***** Data provided

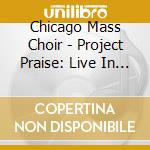 Chicago Mass Choir - Project Praise: Live In Atlant cd musicale di Chicago Mass Choir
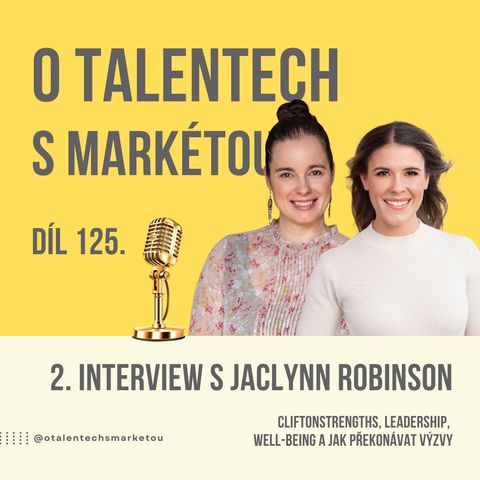 Díl 125. - 2. Interview s Jaclynn Robinson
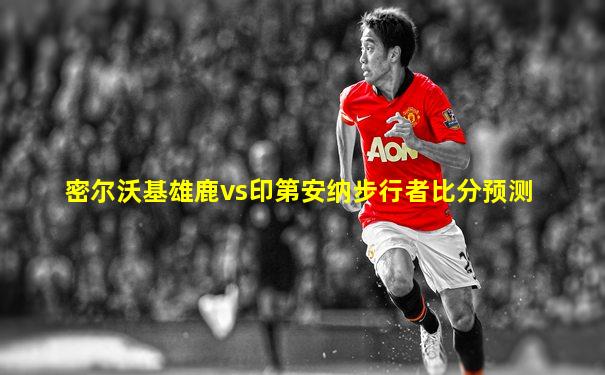 密尔沃基雄鹿vs印第安纳步行者比分预测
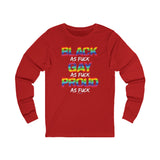 BLACK GAY PROUD AF UNISEX LONGSLEEVE T-SHIRTS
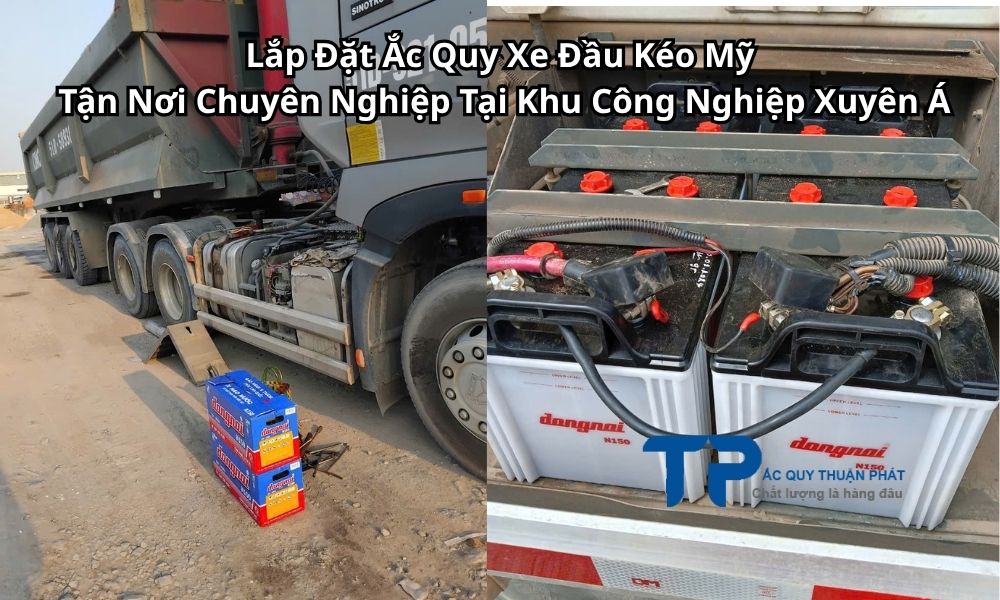 Lắp Đặt Ắc Quy Xe Đầu Kéo Mỹ Tận Nơi Chuyên Nghiệp Tại Khu Công Nghiệp Xuyên Á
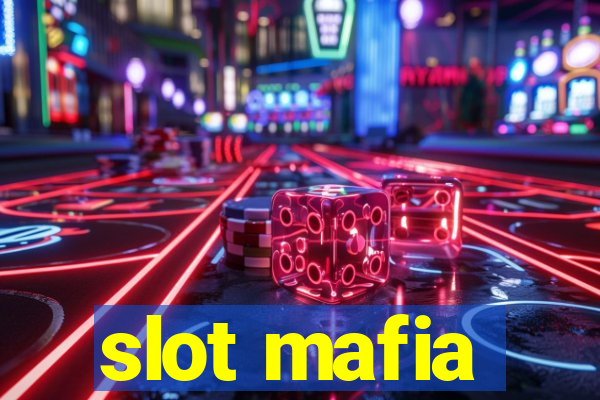 slot mafia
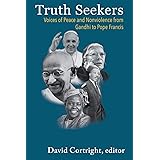 Truth Seekers: Voices and Peace and Nonviolence from Gandhi to Pope Francis
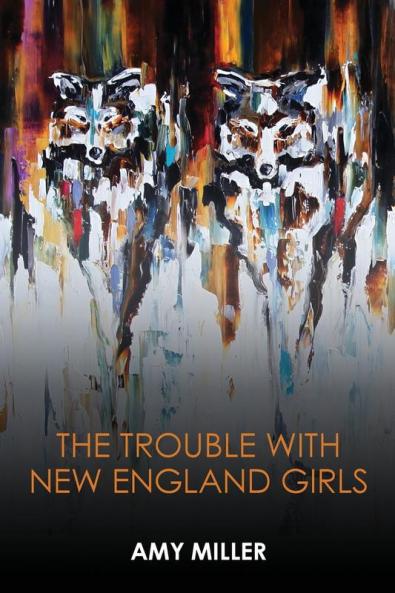 The Trouble With New England Girls (Louis Award)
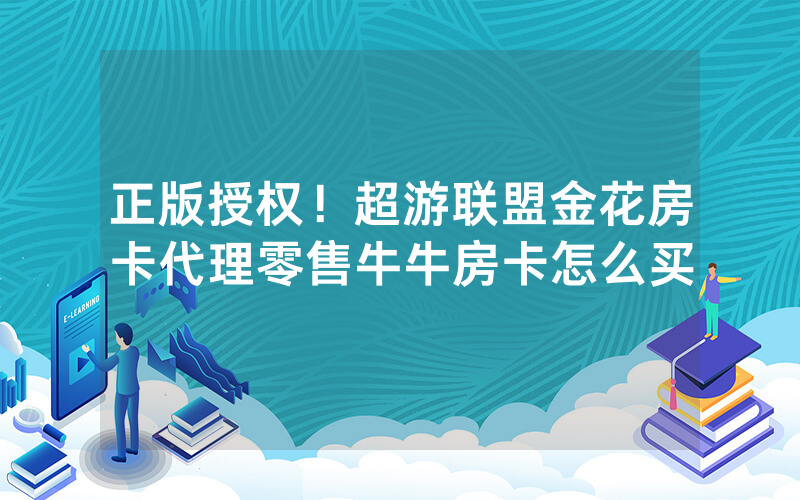 正版授权！超游联盟金花房卡代理零售牛牛房卡怎么买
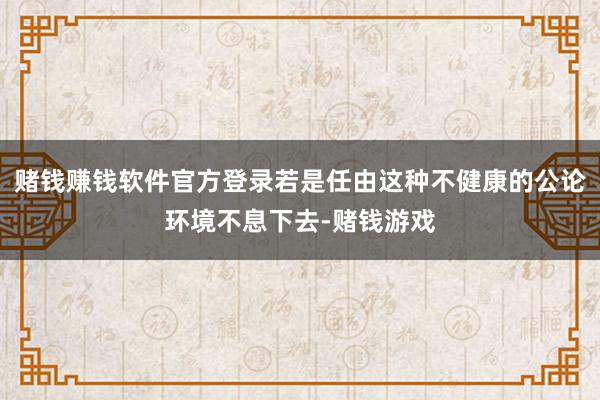 赌钱赚钱软件官方登录若是任由这种不健康的公论环境不息下去-赌钱游戏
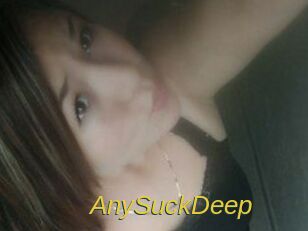AnySuckDeep
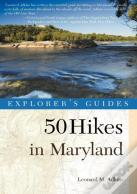 Explorer'S Guide 50 Hikes In Maryland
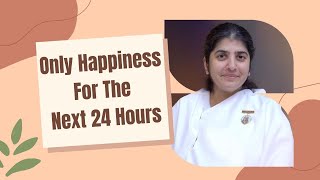 Only Happiness For The Next 24 Hours Ft. Sister Shivani | Brahma Kumaris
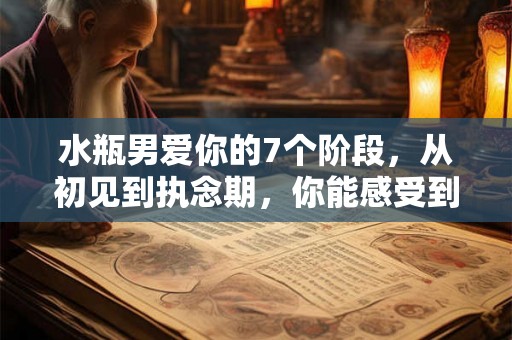 水瓶男爱你的7个阶段，从初见到执念期，你能感受到他的心动吗？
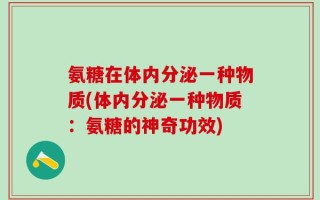 氨糖在体内分泌一种物质(体内分泌一种物质：氨糖的神奇功效)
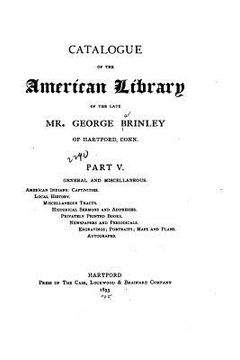portada Catalogue of the American Library of the Late Mr. George Brinley of Hartford, Conn. - Part V (en Inglés)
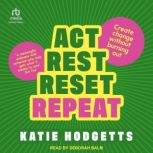 Act, Rest, Reset, Repeat, Katie Hodgetts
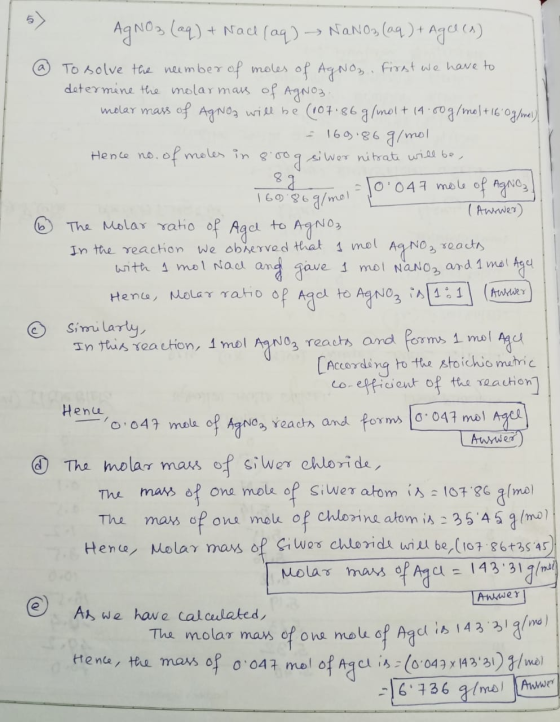 AgNO3(aq) + Nad (aq) → NaNO₃(aq) + Age (1) @ To solve the neember of moles of AgNO₃. First we have to determine the molar mas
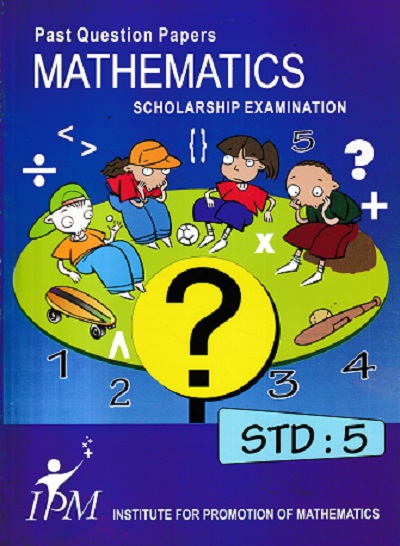 PAST QUESTION PAPERS MATHEMATICS SCHOLARSHIP EXAMINATION STD 5 | IPM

**********

What this task involves
Output all the records above exactly, but without their images.

Completed task
 Chicago Mass Choir - Project Praise: Live In Atlant cd musicale di Chicago Mass Choir
 Díl 125. - 2. Interview s Jaclynn Robinson
 密尔沃基雄鹿vs印第安纳步行者比分预测
 BLACK GAY PROUD AF UNISEX LONGSLEEVE T-SHIRTS
 Lắp Đặt Ắc Quy Xe Đầu Kéo Mỹ Tận Nơi Chuyên Nghiệp Tại Khu Công Nghiệp Xuyên Á
 slot mafia
 Truth Seekers: Voices and Peace and Nonviolence from Gandhi to Pope Francis
 The Trouble With New England Girls (Louis Award)
 正版授权！超游联盟金花房卡代理零售牛牛房卡怎么买
 赌钱赚钱软件官方登录若是任由这种不健康的公论环境不息下去-赌钱游戏
AnySuckDeep
 Explorer'S Guide 50 Hikes In Maryland
 Only Happiness For The Next 24 Hours Ft. Sister Shivani | Brahma Kumaris
 水瓶男爱你的7个阶段，从初见到执念期，你能感受到他的心动吗？
 氨糖在体内分泌一种物质(体内分泌一种物质：氨糖的神奇功效)
portada Catalogue of the American Library of the Late Mr. George Brinley of Hartford, Conn. - Part V (en Inglés)
 Act, Rest, Reset, Repeat, Katie Hodgetts
 AgNO3(aq) + Nad (aq) → NaNO₃(aq) + Age (1) @ To solve the neember of moles of AgNO₃. First we have to determine the molar mas
 PAST QUESTION PAPERS MATHEMATICS SCHOLARSHIP EXAMINATION STD 5 | IPM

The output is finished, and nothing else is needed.